Greenhouse effect means more wildfires, but also more energy in the system, which in a closed system (earth's gravity well) means more rapid mixing of hot and cold zones, ie tornadoes and hurricanes system forming more often. The law of large number is not working in favor of forests -at all. To make matters worse, if the trees are planted in boreal region, the albedo effect of tree's dark foliage even contributes to an earlier melting of snow (which is albedo 0.9) compared to tundra. Oops.

Diagram showing the albedo effect

Source: Norsk Polar institute.
Note: Afforestation as a climate solution is not a bad idea though, for example expanding and restoring mangroves in tropical regions has many environmental and economic benefits. mangroves grow fast and can tolerate sea water while providing heating and insulating material.

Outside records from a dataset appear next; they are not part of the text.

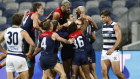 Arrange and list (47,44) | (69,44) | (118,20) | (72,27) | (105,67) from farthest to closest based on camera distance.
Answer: (118,20) → (69,44) → (105,67) → (72,27) → (47,44)

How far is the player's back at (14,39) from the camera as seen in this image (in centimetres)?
609

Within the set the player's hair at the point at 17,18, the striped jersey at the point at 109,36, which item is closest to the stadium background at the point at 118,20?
the striped jersey at the point at 109,36

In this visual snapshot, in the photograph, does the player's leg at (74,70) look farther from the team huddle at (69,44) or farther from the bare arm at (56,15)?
the bare arm at (56,15)

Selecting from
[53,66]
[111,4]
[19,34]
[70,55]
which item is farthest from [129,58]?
[111,4]

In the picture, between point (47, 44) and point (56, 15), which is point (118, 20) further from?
point (47, 44)

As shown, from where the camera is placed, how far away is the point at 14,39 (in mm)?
6098

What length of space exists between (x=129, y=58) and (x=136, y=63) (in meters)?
0.21

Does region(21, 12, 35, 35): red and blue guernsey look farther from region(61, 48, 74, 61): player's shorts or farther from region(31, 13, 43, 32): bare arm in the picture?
region(61, 48, 74, 61): player's shorts

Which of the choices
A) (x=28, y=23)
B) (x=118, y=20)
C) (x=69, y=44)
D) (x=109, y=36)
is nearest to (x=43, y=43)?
(x=69, y=44)

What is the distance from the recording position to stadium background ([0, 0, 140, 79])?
8.76 metres

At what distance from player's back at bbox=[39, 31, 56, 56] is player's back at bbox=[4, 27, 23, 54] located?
31.1 inches

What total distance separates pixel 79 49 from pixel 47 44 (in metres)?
0.83

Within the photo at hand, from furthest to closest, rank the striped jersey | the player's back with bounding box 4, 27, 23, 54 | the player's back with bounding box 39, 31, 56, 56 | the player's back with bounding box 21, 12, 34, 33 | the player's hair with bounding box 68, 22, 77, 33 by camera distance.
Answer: the player's back with bounding box 21, 12, 34, 33 < the striped jersey < the player's hair with bounding box 68, 22, 77, 33 < the player's back with bounding box 39, 31, 56, 56 < the player's back with bounding box 4, 27, 23, 54

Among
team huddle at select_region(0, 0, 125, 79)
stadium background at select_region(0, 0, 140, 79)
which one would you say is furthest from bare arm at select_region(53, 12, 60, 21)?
stadium background at select_region(0, 0, 140, 79) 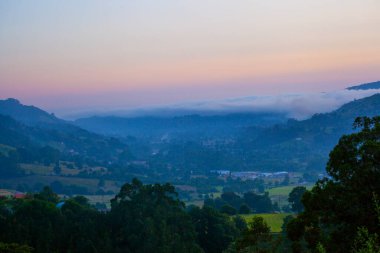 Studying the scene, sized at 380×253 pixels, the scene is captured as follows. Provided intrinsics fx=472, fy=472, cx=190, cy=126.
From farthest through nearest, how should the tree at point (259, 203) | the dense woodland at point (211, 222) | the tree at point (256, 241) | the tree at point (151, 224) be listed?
the tree at point (259, 203) → the tree at point (151, 224) → the tree at point (256, 241) → the dense woodland at point (211, 222)

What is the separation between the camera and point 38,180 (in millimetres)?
146500

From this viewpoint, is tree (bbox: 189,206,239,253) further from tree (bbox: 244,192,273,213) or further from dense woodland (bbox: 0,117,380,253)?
tree (bbox: 244,192,273,213)

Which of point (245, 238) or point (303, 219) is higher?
point (303, 219)

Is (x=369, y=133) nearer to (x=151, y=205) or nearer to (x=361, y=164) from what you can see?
(x=361, y=164)

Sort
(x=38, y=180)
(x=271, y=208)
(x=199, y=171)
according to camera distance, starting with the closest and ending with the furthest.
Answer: (x=271, y=208), (x=38, y=180), (x=199, y=171)

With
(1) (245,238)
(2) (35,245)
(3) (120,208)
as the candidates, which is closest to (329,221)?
(1) (245,238)

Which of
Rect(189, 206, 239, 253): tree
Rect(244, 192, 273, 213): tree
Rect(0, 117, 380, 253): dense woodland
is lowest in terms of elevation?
Rect(244, 192, 273, 213): tree

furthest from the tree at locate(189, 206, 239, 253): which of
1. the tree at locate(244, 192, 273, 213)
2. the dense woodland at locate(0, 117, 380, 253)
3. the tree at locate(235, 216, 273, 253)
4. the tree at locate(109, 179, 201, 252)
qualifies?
the tree at locate(244, 192, 273, 213)

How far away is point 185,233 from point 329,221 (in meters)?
27.4

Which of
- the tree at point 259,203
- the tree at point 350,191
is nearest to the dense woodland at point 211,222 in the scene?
the tree at point 350,191

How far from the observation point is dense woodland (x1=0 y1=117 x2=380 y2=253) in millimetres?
15383

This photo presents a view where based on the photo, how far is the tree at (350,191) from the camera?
1516 centimetres

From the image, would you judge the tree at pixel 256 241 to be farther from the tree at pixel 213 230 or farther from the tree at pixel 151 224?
the tree at pixel 213 230

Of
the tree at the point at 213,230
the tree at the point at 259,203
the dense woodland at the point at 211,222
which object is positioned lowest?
the tree at the point at 259,203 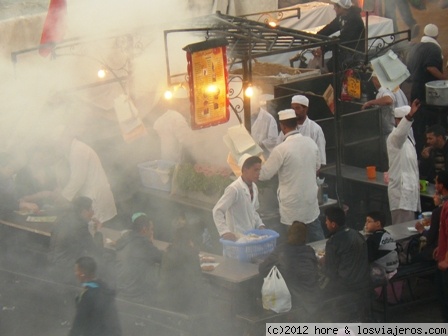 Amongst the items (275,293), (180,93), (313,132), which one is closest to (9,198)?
(180,93)

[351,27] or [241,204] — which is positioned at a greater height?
[351,27]

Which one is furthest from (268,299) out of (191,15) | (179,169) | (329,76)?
(329,76)

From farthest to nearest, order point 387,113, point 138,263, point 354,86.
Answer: point 387,113, point 354,86, point 138,263

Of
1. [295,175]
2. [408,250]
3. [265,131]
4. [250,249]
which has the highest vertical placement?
[265,131]

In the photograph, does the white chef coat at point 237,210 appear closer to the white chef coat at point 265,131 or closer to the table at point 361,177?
the table at point 361,177

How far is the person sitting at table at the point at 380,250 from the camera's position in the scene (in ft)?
24.8

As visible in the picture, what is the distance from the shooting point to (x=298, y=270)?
712 centimetres

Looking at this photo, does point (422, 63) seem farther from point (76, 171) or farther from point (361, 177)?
point (76, 171)

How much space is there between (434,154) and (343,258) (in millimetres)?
2690

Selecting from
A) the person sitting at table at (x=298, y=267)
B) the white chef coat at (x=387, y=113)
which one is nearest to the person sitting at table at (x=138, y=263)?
the person sitting at table at (x=298, y=267)

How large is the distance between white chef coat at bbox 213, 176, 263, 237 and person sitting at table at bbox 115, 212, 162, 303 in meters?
0.77

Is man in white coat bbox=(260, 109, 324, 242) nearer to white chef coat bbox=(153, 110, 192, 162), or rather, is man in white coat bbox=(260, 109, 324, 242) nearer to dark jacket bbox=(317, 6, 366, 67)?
white chef coat bbox=(153, 110, 192, 162)

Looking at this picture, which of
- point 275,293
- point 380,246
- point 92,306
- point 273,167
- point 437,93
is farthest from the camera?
point 437,93

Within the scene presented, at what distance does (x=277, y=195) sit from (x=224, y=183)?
24.1 inches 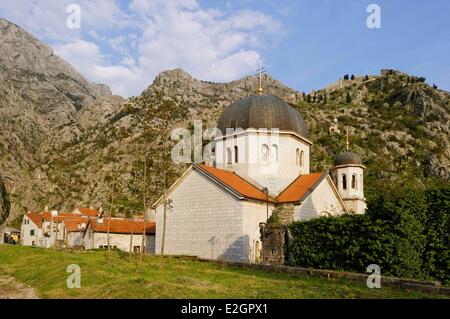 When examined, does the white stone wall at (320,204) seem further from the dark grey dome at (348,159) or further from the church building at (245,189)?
the dark grey dome at (348,159)

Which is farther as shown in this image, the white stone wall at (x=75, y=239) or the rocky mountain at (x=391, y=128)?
the rocky mountain at (x=391, y=128)

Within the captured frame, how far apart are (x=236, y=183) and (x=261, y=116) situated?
749 cm

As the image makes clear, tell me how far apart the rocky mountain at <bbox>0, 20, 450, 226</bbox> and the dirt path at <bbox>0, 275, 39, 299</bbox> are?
47188 millimetres

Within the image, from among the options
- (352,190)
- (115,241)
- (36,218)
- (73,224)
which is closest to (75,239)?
(73,224)

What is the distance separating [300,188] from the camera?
34781mm

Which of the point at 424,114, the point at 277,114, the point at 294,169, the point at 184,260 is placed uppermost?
the point at 424,114

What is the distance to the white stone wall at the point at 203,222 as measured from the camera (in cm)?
3103

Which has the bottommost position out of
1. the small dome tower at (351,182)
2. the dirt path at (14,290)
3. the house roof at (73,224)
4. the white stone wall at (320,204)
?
the dirt path at (14,290)

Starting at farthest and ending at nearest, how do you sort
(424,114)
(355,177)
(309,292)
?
(424,114)
(355,177)
(309,292)

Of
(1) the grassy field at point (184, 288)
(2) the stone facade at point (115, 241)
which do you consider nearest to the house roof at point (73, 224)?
(2) the stone facade at point (115, 241) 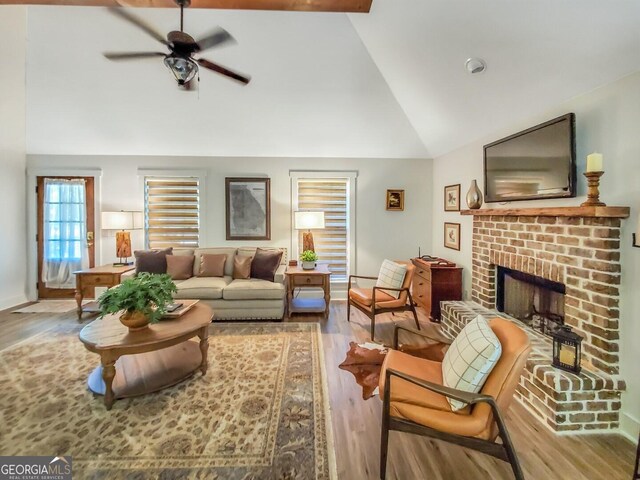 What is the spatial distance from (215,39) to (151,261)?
3195mm

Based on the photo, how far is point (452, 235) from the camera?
4.29 metres

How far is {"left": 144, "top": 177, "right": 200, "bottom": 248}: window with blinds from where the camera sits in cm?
487

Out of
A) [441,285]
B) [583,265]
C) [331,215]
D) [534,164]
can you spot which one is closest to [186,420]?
[583,265]

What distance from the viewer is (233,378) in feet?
8.44

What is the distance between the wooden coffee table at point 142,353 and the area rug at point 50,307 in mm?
2516

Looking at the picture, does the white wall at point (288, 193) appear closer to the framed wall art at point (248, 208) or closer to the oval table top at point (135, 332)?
the framed wall art at point (248, 208)

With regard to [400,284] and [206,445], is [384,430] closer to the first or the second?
[206,445]

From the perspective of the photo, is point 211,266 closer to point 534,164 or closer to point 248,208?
point 248,208

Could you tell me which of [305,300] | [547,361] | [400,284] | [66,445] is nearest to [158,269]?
[305,300]

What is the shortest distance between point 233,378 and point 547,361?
249 centimetres

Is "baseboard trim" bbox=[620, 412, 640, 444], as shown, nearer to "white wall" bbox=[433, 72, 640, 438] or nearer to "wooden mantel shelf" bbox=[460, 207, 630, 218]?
"white wall" bbox=[433, 72, 640, 438]

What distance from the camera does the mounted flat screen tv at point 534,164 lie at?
2272 mm

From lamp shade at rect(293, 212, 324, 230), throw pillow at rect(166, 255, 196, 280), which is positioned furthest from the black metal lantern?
throw pillow at rect(166, 255, 196, 280)

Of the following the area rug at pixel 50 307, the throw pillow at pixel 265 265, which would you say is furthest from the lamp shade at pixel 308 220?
the area rug at pixel 50 307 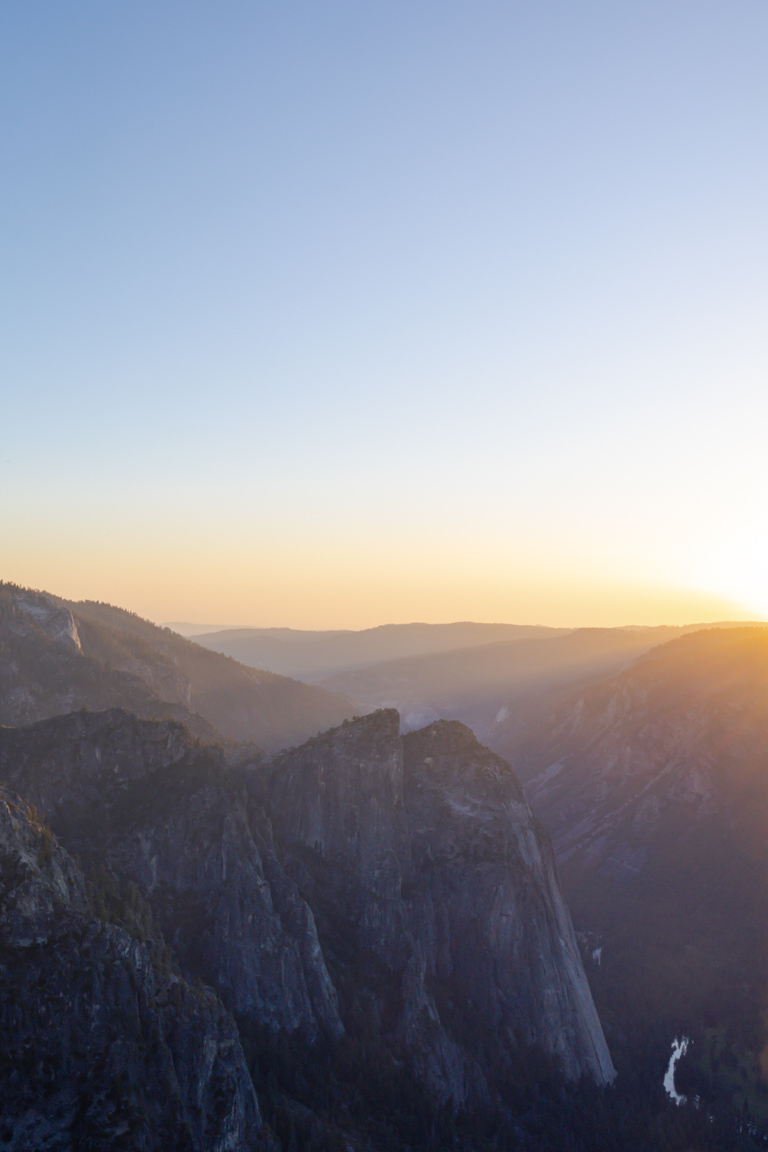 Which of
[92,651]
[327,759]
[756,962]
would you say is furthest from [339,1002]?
[92,651]

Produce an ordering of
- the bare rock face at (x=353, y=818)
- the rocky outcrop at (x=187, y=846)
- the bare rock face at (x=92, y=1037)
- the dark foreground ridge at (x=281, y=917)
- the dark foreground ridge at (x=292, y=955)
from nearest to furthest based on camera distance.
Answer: the bare rock face at (x=92, y=1037)
the dark foreground ridge at (x=292, y=955)
the dark foreground ridge at (x=281, y=917)
the rocky outcrop at (x=187, y=846)
the bare rock face at (x=353, y=818)

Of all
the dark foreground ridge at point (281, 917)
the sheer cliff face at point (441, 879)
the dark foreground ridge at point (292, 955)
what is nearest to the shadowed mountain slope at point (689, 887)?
the dark foreground ridge at point (292, 955)

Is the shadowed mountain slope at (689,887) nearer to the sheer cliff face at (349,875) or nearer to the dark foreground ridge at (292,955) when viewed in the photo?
the dark foreground ridge at (292,955)

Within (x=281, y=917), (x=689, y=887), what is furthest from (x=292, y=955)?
(x=689, y=887)

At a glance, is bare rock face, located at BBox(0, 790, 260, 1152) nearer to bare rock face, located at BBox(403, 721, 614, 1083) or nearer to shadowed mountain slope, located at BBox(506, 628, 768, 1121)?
bare rock face, located at BBox(403, 721, 614, 1083)

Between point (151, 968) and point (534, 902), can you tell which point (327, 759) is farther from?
point (151, 968) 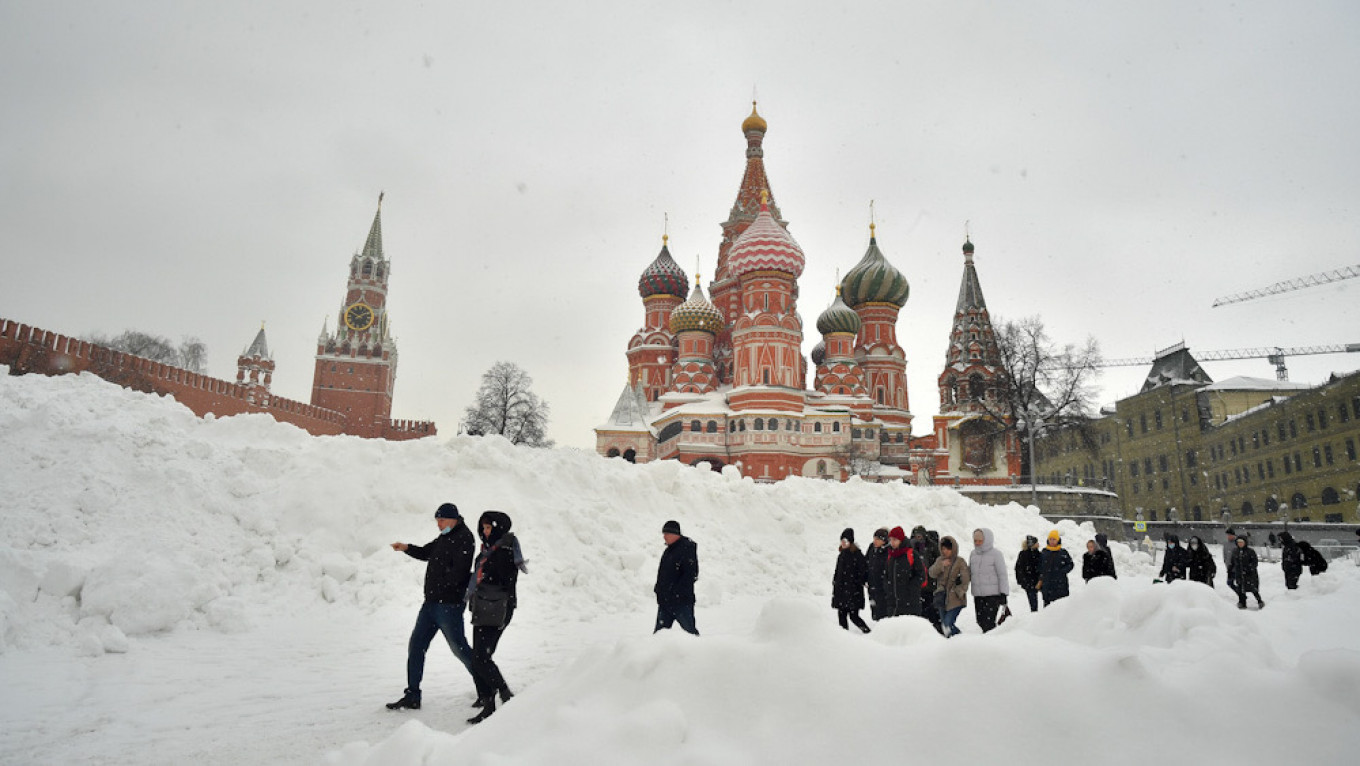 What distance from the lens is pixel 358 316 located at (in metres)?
60.4

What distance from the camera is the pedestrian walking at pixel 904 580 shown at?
8.35 meters

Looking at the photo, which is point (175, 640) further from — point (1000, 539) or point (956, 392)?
point (956, 392)

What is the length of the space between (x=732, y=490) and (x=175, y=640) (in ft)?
40.2

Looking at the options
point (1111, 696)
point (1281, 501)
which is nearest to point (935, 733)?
point (1111, 696)

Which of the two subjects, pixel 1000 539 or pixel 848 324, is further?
pixel 848 324

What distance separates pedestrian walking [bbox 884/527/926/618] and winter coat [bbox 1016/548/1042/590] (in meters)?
2.45

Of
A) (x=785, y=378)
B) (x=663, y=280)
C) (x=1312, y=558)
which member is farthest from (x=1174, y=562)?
(x=663, y=280)

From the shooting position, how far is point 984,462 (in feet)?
133

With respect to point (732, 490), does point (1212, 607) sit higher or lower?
lower

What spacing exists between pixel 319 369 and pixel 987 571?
5965cm

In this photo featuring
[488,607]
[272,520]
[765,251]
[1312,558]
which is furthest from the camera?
[765,251]

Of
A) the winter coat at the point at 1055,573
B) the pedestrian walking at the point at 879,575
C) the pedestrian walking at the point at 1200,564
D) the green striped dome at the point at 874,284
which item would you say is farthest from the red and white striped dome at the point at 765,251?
the pedestrian walking at the point at 879,575

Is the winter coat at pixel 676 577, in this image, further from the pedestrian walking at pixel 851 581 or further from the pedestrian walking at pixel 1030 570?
the pedestrian walking at pixel 1030 570

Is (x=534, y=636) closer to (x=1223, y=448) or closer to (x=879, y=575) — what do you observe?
(x=879, y=575) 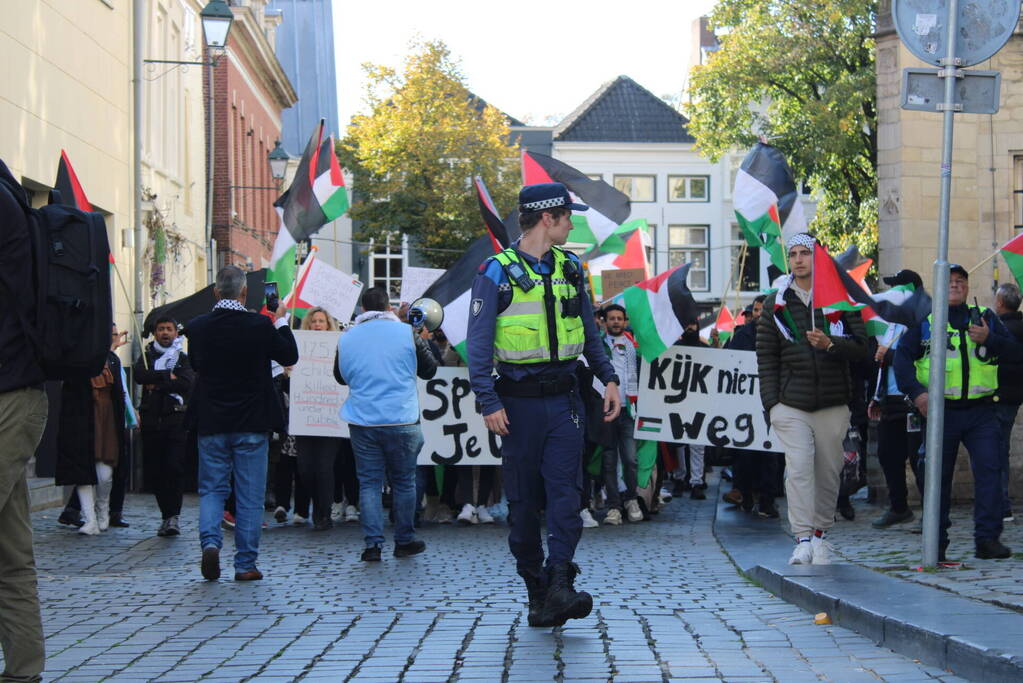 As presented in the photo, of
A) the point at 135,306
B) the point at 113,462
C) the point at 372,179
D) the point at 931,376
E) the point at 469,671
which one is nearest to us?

a 1906 illustration of a mangrove
Art by Harry H. Johnston, 1906

To make matters worse, we're also double-counting in so many places because everyone wants to pat themselves on the back (me included). As an investor in sustainable shipping for example, I could claim I decarbonized my airplane travel (which I should minimize, yup), but the ship operators will claim the same thing, and so will the clients, and maybe even the customers of the products in the end. The order of magnitude is way off, especially as we get down the logistics chain. Everyone wants to feel good and claim to have done the decarbonization work. But with half of my savings invested in regenerative agriculture and green shipping, I know I've got a lifetime of work ahead of me still. 

All of this points to a social moment when we collectively decide that blowing up the lid of geological gas storage in the 2020's is a nonsense idea. Some countries already reached that point, while others seemingly compete at being the worst possible partners on this spaceship we call Earth. As more countries reach this point, there will be more supply chain shortages. If we're idealistic, this is a good thing; we should not be hauling things with gas-powered vehicles all across the globe, we can consume resources locally, use products made in your city, in your region, etc. If we're materialists however, it's a disaster as millions if not billions of people are kept in a state of dependence to this supply chain. So the urgent need is to decarbonize and decouple standards of living from fossil fuels. This means giving the land back to the communities who can best steward it into the most troubled era, often times indigenous nations who have already survived an apocalypse or two.

"climate change will never affect me in my lifetime" A 20-something years old Lyft driver said to me in 2019.